Unfortunately, people have varying views with regards to what the most important characteristic of a person is: for some it is the colour of his skin; for others, it is his economic situation – whether he is wealthy or poor; others think it is his , social or political standing, whether he is ruler or ruled; for others it is his social standing as an aristocrat, middle or working class; yet for some is his birth place and the language he speaks or the tribe he belongs to, etc..
‘Do men think that they will be left alone on saying “We believe”, and they will not be tested? We tested those before them, and Allah will certainly those who are true and those who are false’. (Quran 29: 2-3)
In Islam, these have no significance rather they are merely taken as signs of the creative power of God to enable people to recognise one another. The Almighty declares “O Mankind! Indeed we have created you as male and female, and have placed you in nations and tribes that you may have mutual recognition. However, the most honourable of you, in the sight of Allah is the one who is most God-conscious” (Qur’an: 49: 13)
Hence, the most important characteristic of a person is whether he is conscious of his Creator, believes in Him and through that consciousness submits to Him at all times and in all circumstances.
According to the Islamic view man is created by Allah in a pure state, free from sin. He also created us with the capacity or power to do both good and evil. He gave us the freedom to choose between doing good or evil. The good and evil therefore is connected with mankind’s freedom of choice and responsibility for their actions. “Good” may be whatever is pleasing to Allah and therefore beneficial to us. Whereas “Bad/evil” may be whatever incurs the anger of God and is therefore harmful to man.
‘By the soul, and the proportion and order given to it; And its enlightenment as to its wrong and its right – truly he that succeeds that purifies it, and he fails that corrupts it….. (Quran 91: 7-10)

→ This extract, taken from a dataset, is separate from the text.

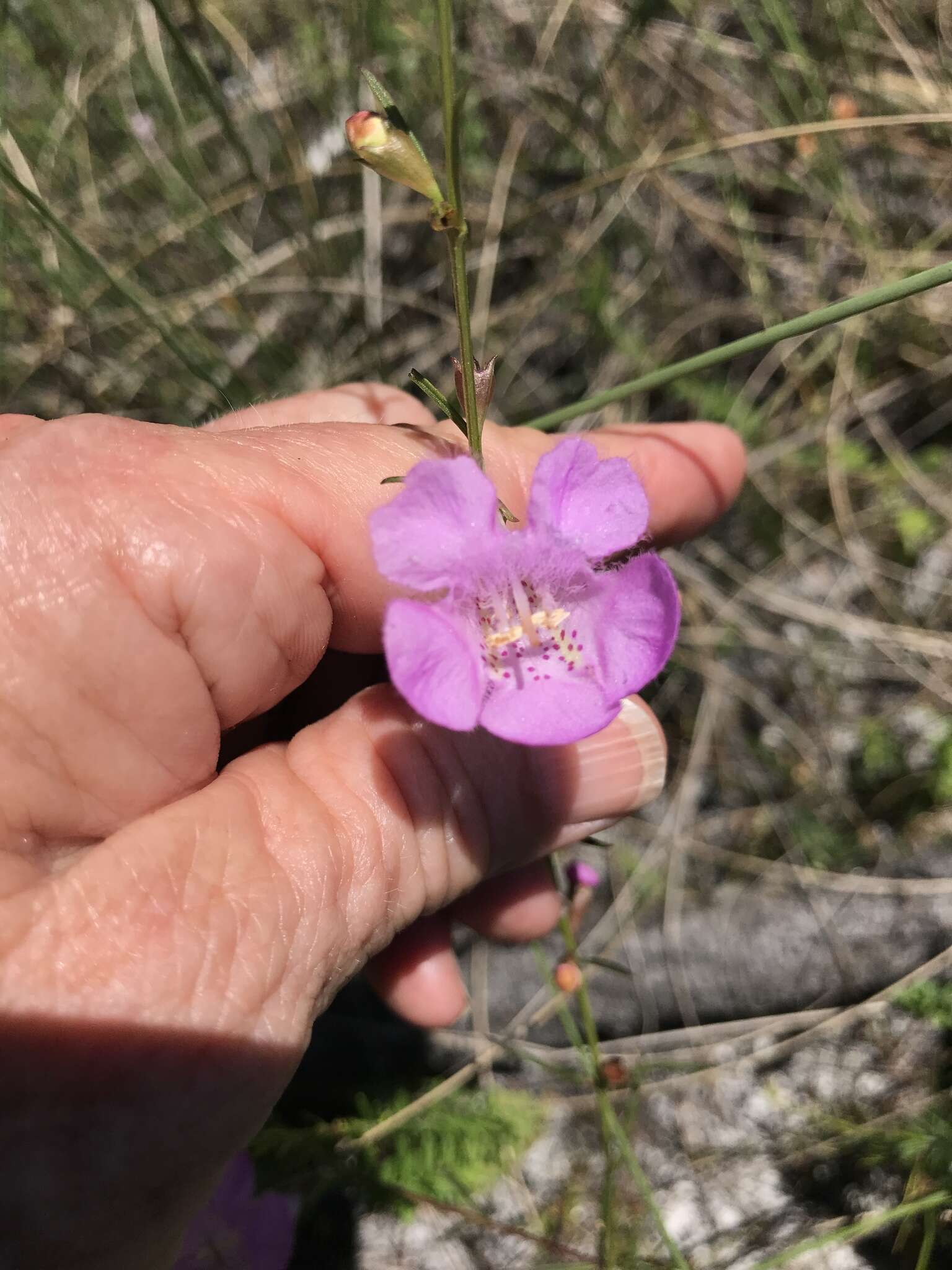 Image of coastal plain false foxglove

Therefore one of mankind’s main tasks is to keep away from and ward off evil. This is why Taqwa, piety and God consciousness is repeatedly mentioned in the Qur’an as the most important quality a person should develop in this regard. This means one must be conscious at all times not to over step the limits set by God. It works as a defence against evil and temptation by keeping a person within the boundaries of piety.